Tables 2, 3, and 4 show the top 50 modern-era MLB teams with respect to these scores. Note that the same team has both the highest NPR and the highest NPR2 score ever: The 2001 Seattle Mariners. For that reason, we regard the 2001 Seattle Mariners as the answer to this paper’s title question.
In fact, only three teams appear amongst the top 10 in all three lists, namely, the 1902 Pirates, the 2001 Seattle Mariners, and the 1998 New York Yankees.
Many consider the 1927 Yankees to have been the best team ever. Neither NPR nor NPR2 agrees with this assessment, however. Despite having the sixth-best winning percentage since 1900, they rank 21st by NPR2 and only 19th by NPR.
(Click images to enlarge)
POSSIBLE VARIATIONS
There are innumerable ways to vary the techniques discussed in this paper, and we make no claim that our choices were optimal. In this section, we mention a few, but by no means all, potential alternative paths.
We chose to count all victories equally. We could have taken the margin of victory (that is, runs scored minus runs allowed) into account. It would be interesting to know how that would affect the results.
We also opted to use only regular-season games. We excluded all postseason games, including the World Series. Because World Series games are played between one AL and one NL team, this would have provided a bridge between leagues, even before interleague play.
For NPR2, we added two-year teams, but we just as easily could have added three-year teams, four-year teams, and so on. For that matter, instead of having additional nodes that encompassed entire seasons, each added vertex could instead represent a team during the last half of one season and the first half of the next season.
PageRank, of course, is only one of many methods that account for “strength of schedule.” We like it because of its mathematical elegance. The main novel idea of this paper—namely the introduction of two-year teams in order to compare across eras—can however be used with other such techniques as well.
MICHAEL KREBS conducted this research while at California State University, Los Angeles, where he has been a professor of mathematics since 2005.

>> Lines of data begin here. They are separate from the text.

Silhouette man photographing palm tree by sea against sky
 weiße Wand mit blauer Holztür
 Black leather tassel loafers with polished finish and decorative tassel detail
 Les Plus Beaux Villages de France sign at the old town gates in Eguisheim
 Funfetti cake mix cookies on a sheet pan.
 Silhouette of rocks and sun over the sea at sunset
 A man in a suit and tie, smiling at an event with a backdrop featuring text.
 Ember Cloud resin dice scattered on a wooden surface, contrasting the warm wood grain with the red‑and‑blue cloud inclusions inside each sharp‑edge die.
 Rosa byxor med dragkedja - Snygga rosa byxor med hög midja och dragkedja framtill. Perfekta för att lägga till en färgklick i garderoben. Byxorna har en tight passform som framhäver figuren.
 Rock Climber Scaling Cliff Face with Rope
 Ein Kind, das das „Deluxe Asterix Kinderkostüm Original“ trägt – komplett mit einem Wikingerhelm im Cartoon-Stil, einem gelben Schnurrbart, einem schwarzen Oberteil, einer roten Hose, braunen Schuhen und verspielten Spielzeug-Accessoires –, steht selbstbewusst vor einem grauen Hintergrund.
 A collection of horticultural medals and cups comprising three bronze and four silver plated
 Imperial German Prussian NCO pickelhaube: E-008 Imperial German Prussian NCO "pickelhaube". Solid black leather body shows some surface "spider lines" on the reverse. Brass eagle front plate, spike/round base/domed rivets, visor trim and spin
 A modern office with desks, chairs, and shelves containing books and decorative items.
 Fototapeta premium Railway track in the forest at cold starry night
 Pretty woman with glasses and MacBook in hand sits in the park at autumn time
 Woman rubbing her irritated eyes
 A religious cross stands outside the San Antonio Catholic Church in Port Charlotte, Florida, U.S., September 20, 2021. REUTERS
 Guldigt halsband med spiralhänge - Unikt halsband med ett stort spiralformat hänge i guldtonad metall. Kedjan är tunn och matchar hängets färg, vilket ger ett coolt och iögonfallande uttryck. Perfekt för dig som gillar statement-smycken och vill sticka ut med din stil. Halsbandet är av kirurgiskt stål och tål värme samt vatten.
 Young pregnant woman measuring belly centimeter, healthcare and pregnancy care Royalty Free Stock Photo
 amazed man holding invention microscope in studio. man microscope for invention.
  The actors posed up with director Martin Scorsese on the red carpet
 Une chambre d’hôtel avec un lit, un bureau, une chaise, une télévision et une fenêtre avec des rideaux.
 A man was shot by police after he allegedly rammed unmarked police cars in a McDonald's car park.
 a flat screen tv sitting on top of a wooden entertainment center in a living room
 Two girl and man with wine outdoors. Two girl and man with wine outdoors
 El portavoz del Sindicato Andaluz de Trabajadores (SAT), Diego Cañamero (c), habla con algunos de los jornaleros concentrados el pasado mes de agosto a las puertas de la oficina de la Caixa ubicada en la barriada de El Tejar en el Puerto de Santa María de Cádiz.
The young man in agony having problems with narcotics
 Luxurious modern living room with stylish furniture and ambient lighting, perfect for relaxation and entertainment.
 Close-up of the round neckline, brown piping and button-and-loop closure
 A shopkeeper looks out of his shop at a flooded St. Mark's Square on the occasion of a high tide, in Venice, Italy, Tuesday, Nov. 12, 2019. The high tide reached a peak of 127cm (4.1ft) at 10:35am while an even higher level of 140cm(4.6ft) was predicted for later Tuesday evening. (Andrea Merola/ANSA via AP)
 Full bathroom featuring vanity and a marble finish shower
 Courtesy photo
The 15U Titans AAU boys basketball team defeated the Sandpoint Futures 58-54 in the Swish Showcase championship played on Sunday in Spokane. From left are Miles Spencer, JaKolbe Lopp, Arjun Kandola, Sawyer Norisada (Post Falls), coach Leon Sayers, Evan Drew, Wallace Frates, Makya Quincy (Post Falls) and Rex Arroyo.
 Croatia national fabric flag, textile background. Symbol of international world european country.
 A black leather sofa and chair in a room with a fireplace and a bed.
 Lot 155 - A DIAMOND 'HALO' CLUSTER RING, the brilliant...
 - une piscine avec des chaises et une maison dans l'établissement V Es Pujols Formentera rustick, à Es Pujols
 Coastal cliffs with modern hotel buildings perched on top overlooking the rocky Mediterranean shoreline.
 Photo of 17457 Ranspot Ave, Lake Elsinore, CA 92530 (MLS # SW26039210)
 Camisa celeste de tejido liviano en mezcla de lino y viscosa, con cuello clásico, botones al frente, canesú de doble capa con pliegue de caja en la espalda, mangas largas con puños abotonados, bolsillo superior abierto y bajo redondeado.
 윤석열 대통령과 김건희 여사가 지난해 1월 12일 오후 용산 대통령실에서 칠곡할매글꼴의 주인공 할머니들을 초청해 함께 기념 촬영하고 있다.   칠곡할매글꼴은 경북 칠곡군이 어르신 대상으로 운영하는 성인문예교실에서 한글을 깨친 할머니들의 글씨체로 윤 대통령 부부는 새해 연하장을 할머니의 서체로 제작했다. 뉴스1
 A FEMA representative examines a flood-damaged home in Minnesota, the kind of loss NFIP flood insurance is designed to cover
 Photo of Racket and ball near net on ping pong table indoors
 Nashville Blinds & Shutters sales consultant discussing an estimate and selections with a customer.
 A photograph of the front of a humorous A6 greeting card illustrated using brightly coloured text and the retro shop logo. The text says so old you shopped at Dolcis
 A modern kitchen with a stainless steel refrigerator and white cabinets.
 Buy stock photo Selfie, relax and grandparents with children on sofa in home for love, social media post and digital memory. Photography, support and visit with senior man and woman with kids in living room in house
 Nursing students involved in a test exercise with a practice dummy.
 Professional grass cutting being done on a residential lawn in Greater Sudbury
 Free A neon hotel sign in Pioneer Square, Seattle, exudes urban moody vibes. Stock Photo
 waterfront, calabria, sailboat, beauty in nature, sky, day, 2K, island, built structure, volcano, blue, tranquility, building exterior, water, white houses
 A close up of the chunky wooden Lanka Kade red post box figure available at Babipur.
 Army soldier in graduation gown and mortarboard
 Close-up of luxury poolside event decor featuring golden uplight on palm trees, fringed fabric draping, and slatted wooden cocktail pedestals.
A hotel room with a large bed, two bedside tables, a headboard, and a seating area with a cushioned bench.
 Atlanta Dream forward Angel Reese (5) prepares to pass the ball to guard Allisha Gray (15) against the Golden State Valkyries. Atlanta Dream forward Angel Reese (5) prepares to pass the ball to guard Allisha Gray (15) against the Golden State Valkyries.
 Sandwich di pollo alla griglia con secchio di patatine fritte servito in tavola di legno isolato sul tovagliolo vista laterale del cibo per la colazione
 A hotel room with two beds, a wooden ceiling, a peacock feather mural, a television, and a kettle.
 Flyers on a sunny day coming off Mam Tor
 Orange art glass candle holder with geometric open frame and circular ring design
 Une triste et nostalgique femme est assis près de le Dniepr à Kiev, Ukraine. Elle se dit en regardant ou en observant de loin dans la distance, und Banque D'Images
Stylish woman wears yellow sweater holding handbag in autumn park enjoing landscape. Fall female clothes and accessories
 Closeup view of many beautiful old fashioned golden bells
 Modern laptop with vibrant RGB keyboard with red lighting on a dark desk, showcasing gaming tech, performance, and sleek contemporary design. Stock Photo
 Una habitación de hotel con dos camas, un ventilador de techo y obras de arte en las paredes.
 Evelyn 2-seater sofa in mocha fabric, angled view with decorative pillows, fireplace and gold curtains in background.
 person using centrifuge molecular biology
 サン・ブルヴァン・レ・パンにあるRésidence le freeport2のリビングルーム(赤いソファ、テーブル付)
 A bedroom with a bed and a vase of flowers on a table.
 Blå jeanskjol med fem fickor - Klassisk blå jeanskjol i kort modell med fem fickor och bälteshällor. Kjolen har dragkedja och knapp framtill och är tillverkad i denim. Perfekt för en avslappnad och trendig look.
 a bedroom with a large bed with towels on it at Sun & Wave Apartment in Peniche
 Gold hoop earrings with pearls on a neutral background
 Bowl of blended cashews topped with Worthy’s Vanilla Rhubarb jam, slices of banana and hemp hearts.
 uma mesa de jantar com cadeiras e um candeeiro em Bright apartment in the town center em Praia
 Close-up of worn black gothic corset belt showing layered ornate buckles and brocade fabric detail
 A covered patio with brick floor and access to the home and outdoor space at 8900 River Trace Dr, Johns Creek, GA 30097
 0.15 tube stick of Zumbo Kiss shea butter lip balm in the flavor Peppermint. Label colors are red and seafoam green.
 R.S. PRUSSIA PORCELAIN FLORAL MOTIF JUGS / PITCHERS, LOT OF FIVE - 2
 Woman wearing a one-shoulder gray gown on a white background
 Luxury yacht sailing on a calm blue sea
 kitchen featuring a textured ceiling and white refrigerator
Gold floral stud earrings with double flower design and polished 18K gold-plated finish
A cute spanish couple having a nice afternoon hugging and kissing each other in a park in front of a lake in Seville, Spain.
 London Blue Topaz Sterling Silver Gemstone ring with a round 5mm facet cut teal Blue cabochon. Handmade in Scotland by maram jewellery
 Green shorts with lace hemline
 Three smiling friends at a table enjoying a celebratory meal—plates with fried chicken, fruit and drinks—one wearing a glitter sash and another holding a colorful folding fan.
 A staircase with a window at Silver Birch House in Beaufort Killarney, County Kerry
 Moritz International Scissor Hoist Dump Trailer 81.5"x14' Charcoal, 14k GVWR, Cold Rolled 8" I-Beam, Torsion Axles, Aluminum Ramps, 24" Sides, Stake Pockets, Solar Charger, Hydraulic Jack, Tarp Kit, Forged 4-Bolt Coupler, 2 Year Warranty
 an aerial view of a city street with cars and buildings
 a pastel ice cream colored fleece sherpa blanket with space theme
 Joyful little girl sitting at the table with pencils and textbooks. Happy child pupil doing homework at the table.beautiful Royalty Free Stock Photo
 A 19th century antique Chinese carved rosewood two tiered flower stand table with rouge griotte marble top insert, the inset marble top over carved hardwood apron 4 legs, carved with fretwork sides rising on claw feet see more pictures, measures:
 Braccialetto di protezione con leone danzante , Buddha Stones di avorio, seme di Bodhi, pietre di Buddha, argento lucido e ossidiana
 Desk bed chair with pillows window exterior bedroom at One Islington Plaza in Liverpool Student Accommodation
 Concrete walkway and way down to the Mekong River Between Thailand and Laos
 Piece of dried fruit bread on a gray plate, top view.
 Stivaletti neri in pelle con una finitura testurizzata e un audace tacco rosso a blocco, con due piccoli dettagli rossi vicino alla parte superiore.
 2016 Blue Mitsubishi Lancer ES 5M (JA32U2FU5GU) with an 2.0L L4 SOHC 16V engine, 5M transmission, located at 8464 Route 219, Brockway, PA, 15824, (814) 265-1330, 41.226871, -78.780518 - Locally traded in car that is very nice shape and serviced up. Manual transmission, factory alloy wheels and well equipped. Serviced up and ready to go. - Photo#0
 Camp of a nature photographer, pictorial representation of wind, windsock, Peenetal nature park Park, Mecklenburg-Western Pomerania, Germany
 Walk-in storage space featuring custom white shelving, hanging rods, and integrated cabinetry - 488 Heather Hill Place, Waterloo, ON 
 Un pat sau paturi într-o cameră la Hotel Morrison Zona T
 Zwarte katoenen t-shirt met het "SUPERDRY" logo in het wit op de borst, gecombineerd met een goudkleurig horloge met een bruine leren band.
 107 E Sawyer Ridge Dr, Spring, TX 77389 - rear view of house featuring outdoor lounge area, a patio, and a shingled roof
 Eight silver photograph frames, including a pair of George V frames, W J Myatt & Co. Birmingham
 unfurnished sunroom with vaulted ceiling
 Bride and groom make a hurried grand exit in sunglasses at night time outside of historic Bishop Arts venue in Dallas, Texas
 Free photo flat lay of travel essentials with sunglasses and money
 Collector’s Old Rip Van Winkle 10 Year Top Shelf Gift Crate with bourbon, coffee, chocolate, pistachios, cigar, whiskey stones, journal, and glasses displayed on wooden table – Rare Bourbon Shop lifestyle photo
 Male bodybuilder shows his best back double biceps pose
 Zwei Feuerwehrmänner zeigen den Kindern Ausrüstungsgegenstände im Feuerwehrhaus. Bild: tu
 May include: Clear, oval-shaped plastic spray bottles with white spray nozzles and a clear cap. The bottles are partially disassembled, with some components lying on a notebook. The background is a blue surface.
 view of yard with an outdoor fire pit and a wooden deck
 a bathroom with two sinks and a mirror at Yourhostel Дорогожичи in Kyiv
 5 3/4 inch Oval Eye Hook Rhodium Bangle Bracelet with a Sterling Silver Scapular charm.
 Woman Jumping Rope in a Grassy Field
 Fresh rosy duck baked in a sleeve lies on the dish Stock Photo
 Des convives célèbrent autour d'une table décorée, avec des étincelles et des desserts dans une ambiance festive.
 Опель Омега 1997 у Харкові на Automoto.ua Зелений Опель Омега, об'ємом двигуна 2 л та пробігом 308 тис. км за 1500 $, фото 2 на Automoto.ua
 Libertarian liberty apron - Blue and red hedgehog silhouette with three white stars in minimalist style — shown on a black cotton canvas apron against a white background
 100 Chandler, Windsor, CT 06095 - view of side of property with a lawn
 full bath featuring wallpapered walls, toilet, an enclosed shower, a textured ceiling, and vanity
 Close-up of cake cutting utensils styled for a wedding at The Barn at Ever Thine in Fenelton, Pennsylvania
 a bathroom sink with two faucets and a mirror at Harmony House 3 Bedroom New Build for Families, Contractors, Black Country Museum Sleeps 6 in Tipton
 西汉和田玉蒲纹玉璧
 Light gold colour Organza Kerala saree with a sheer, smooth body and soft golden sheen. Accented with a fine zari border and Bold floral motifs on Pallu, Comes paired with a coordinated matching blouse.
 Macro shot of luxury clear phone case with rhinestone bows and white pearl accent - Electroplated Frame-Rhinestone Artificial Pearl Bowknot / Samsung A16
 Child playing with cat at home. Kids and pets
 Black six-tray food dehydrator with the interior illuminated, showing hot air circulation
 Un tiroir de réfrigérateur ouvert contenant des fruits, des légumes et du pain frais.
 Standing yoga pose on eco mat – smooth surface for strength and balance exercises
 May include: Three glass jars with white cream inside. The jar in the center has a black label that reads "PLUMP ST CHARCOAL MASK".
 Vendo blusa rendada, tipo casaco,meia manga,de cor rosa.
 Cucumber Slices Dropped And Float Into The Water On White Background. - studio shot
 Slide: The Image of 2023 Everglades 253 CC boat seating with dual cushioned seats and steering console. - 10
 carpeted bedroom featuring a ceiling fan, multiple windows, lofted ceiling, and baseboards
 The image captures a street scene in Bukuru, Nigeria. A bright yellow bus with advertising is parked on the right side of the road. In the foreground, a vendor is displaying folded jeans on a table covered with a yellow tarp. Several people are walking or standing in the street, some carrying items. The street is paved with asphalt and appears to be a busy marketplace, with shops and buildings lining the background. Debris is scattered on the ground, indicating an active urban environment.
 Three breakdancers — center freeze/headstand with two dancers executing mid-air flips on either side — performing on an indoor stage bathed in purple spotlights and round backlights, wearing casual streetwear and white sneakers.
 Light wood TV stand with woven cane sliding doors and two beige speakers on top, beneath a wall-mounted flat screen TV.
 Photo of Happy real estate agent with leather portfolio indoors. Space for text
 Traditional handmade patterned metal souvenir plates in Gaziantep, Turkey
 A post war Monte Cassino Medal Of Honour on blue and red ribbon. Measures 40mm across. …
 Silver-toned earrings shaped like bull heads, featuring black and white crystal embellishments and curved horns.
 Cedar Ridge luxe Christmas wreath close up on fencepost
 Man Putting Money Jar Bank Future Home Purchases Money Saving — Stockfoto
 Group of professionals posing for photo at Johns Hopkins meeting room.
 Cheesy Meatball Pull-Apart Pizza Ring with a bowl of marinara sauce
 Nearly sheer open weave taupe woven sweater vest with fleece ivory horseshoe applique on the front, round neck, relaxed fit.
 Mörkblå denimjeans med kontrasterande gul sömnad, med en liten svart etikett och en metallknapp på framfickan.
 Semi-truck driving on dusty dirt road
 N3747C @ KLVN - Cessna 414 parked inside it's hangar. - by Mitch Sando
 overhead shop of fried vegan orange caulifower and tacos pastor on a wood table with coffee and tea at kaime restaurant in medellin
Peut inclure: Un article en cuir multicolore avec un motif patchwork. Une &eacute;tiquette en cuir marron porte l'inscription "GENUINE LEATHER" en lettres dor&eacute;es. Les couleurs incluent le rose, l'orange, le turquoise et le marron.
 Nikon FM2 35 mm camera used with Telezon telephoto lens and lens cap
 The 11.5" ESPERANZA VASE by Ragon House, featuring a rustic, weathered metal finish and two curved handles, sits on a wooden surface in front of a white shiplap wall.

GWEN OSTERGREN has previously collaborated on projects in pure mathematics (more specifically, geometric graph theory) with Michael Krebs at California State University, Los Angeles. Collectively, they have published several articles in that field.
Acknowledgments
The authors would like to thank Jie Zhong for a helpful discussion. We would also like to thank Mike Freiman for informing us about the websites Baseball-Reference.com and Retrosheet, from which we collected all of the data used in this paper. In addition, we are grateful to the anonymous reviewers of our original manuscript; their many thoughtful comments substantially improved the final product. Moreover, we thank the Baseball Research Journal’s eagle-eyed fact checker Cliff Blau for spotting numerous errors and affording us the opportunity to correct them.
Notes
1. C.R. MacCluer, “The many proofs and applications of Perron’s theorem,” SIAM Review 42 (3), 2000, 487-498.
2. Sergey Brin and Lawrence Page, “The anatomy of a large-scale hypertextual web search engine,” Computer Networks and ISDN Systems, Vol. 30 (1-7), April 1998, 107-17.
3. Previous investigations of PageRank in sports include T.PE. Chartier, E. Kreutzer, A. N. Langville, and K. E. Pedings, “Sensitivity and stability of ranking vectors,” SIAMJ Sci. Comput. 33(3), 1077-102; A.Y. Govan, “Ranking theory with application to popular sports,” Thesis (PhD 2008) North Carolina State University; L.R. Zack, R. Lamb, and S. Ball (2012). “An application of Google’s PageRank to NFL rankings,” Involve 5(4), 463-71.